Task goal. Begin at the line below that has "Pink t-shirt with". Stop after the line that has "or Hardwood Floors", repeating each line exactly and leaving out the pictures.

Data excerpts.
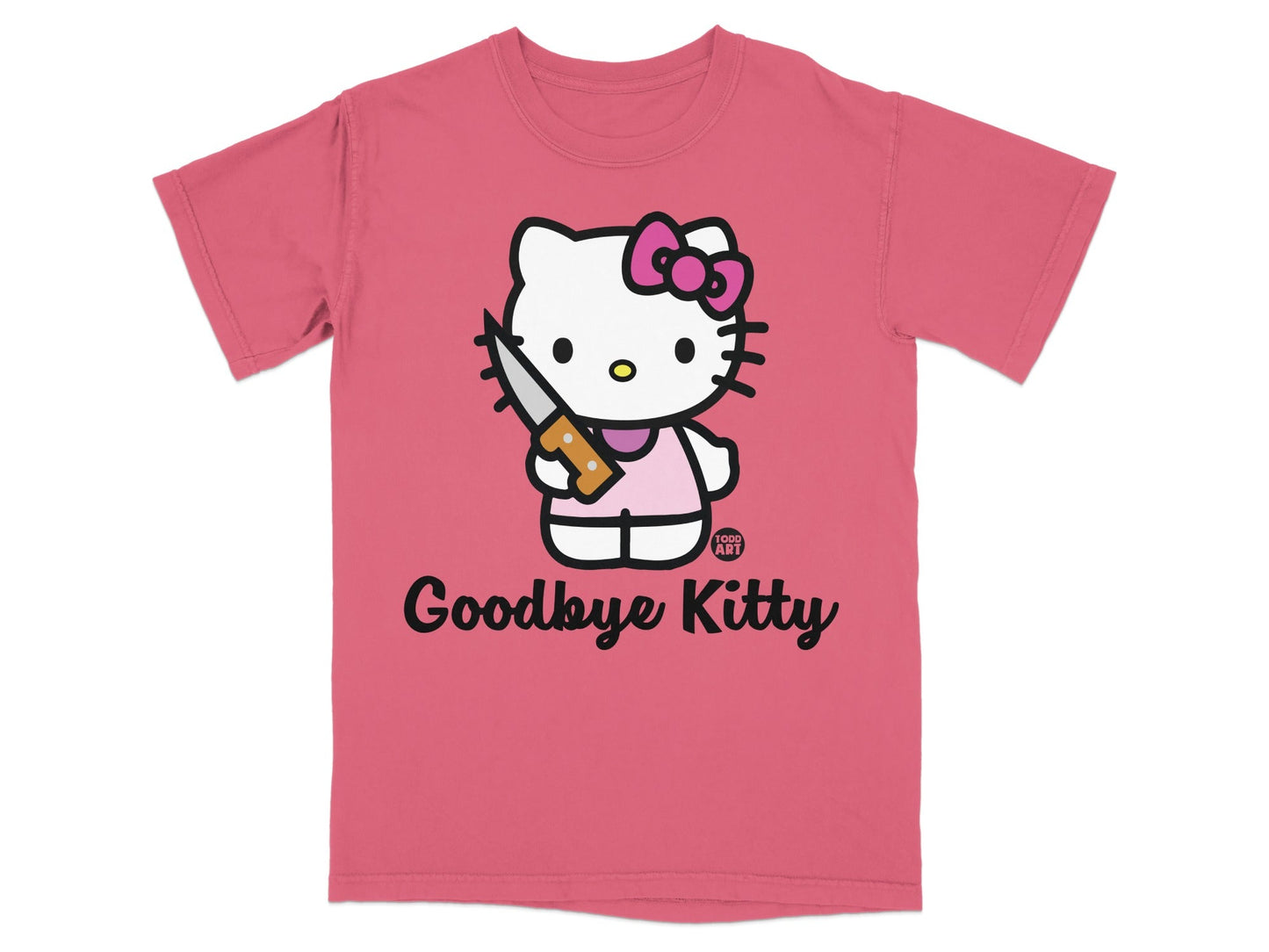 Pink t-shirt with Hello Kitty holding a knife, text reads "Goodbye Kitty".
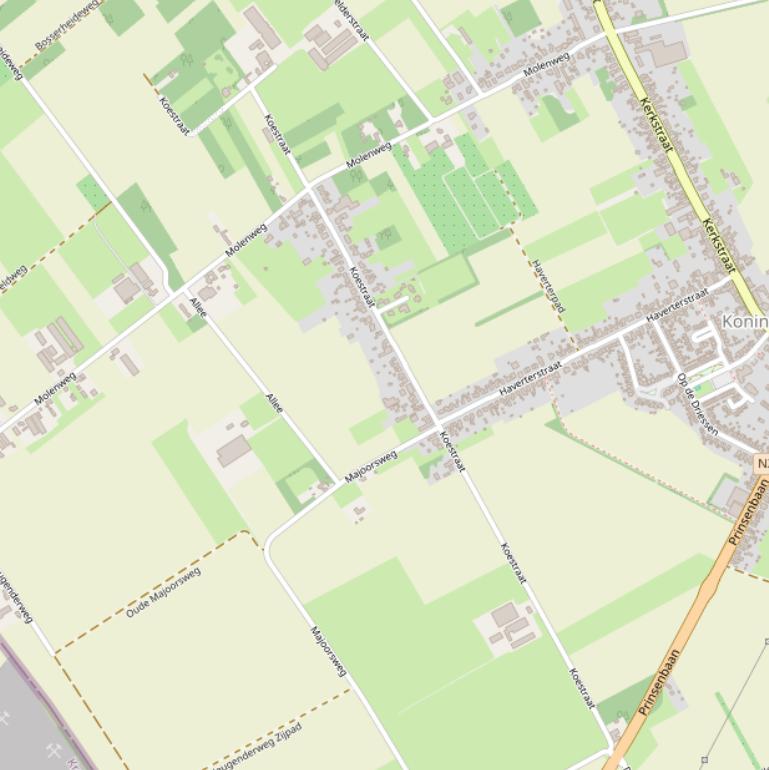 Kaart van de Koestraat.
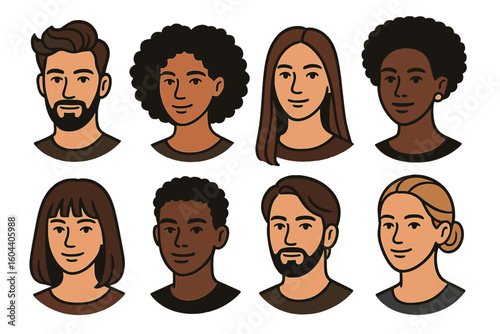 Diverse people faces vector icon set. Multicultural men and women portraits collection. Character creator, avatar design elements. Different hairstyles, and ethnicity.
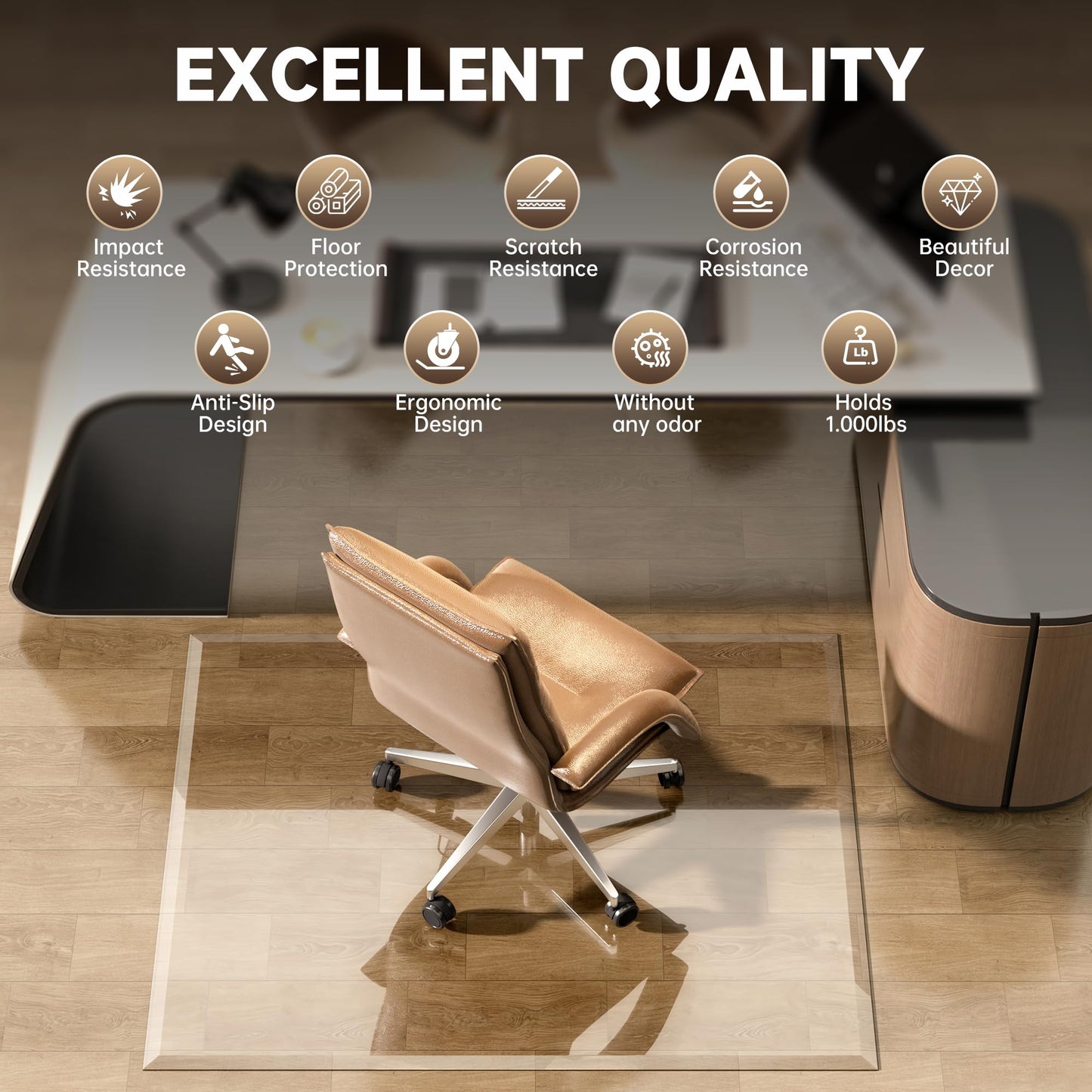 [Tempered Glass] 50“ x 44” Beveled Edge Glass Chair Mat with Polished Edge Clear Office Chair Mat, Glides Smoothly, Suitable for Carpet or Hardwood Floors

---

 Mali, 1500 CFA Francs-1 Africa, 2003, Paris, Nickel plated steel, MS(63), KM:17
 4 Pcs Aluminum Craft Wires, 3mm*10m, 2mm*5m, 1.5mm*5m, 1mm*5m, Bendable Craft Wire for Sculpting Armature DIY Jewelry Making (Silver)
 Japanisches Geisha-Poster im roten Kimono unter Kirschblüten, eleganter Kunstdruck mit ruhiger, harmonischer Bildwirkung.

Result of this exercise.
 Pink t-shirt with Hello Kitty holding a knife, text reads "Goodbye Kitty".
 Kaart van de Koestraat.
 Diverse people faces vector icon set. Multicultural men and women portraits collection. Character creator, avatar design elements. Different hairstyles, and ethnicity.
 [Tempered Glass] 50“ x 44” Beveled Edge Glass Chair Mat with Polished Edge Clear Office Chair Mat, Glides Smoothly, Suitable for Carpet or Hardwood Floors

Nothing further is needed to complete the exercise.